古ぼけた機械、着色料を入れた無造作に地面に置かれたバケツや包装用のフィルム。一見すると、とても清潔とは思えない場所で偽造医薬品は作られています。

日本でED治療薬を製造販売するファイザー、バイエル、日本イーライリリー、日本新薬の4社はタイと日本でバイアグラ、レビトラ、シアリス3種のED治療薬を取り扱う日本語の個人輸入代行業者サイトからED治療薬を購入し、本物かどうかを調べました。

発送元が日本だから大丈夫ということはない

発表された調査結果によると、入手した70サンプルのうち、40%が偽造薬品だったそうです。

偽造薬品の割合は

  • タイ発注で、48.0%、
  • 日本国内発注分で35.6%

に上ります。

また、税関での偽造医薬品の輸入差止めも増えています。
財務省によると、2015年に日本の税関で輸入差止めとなった偽造医薬品は錠数にして約8万錠、件数は1030件に上ります。10年前の件数と比べると100倍以上に増えて錠数も2倍以上に。輸入差止めになった大半の偽造医薬品はED治療薬だと報告されています。

含有成分がデタラメ

最も恐ろしいシナリオは、偽造薬品を服用することで起こる健康被害です。調査に関わった機関の報告によると、「偽造薬品にはなにが含まれているかわからない。どういう環境で製造されたのかもわからない。品質の保証は全くできない」と指摘します。

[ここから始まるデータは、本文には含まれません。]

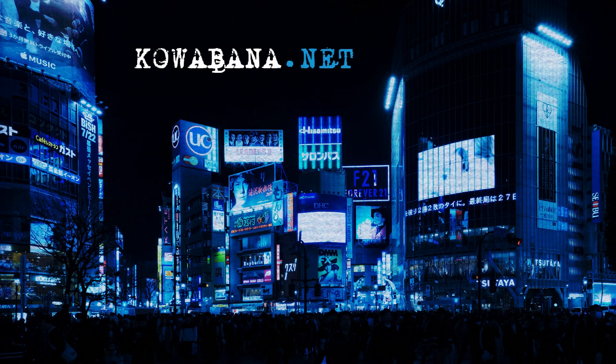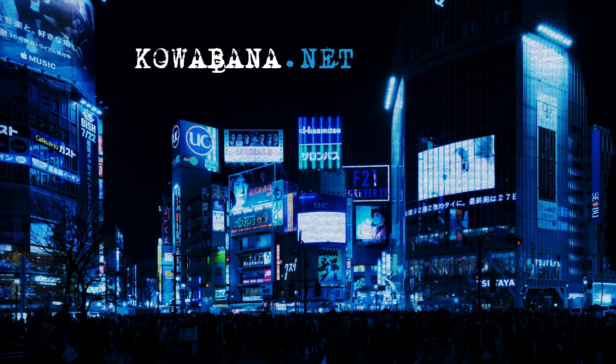Want even more scary stories? Head over to kowabana.net for new translations every week. You can also join our Patreon for exclusive stories you won't find anywhere else. Head over to kowabana.net now.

調査で入手した、サンプル含有量を4社が分析したところ、有効成分がほとんど含まれていないもの、正規品の最大1.5倍の有効成分を含んだもの、正規品にない規格をうたうもの、ほかのED治療薬の成分が含まれていたもの、正規品には含まれていない物質を含んだものなどが見つかりました。

有効成分が含まれていなければ幸運な方で、承認用量以上の有効成分を含んでいたり、正規品にない物質を含んでいたりする場合は、予期せぬ副作用や未知の症状が引き起こされる可能性があります。

通販のED治療薬に安易に手をださない

EDは疾患の特性上「恥ずかしい」といった理由から医療機関の受診をさけ、通販でED治療薬を買う人も少なくありません。手軽に買えるとは言え、「死」に至る可能性があるため通販のED治療薬に安易に手を出すのはやめましょう。

ED治療専門の医療機関で薬を処方してもらおう

ED治療薬は専門の医療機関で処方されたものだけが安全だと言えます。しかしその際も正しい服用方法を守らなければ効果がなかったり、副作用が強くあらわれたりします。参照⇒【ED治療】バイアグラの正しい服用方法と処方

医師と話し合いながら安全に、確実に治療していきましょう。